Prompt: As soon as the line containing "Aurian 1930 (42.5%, OB, selected" appears in the material below, start returning lines exactly, and end with the line containing "faith calligraphy text with swashes vector".

Input material:
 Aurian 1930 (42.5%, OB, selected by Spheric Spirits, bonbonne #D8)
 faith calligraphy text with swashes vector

---

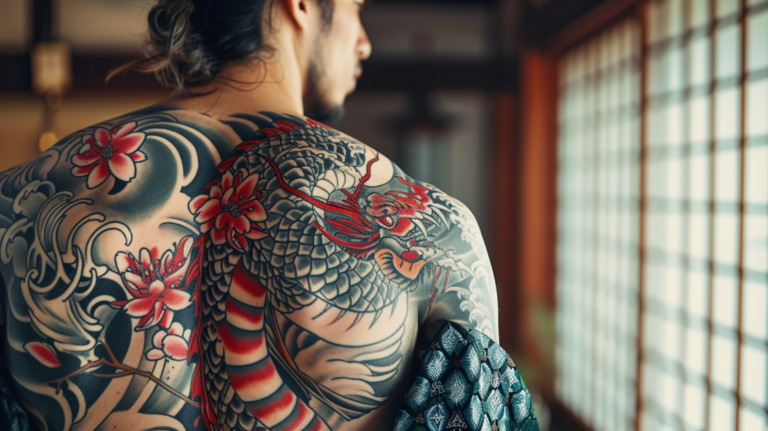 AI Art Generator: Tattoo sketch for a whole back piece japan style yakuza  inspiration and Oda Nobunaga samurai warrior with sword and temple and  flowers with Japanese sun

Answer area:
 Aurian 1930 (42.5%, OB, selected by Spheric Spirits, bonbonne #D8)
 faith calligraphy text with swashes vector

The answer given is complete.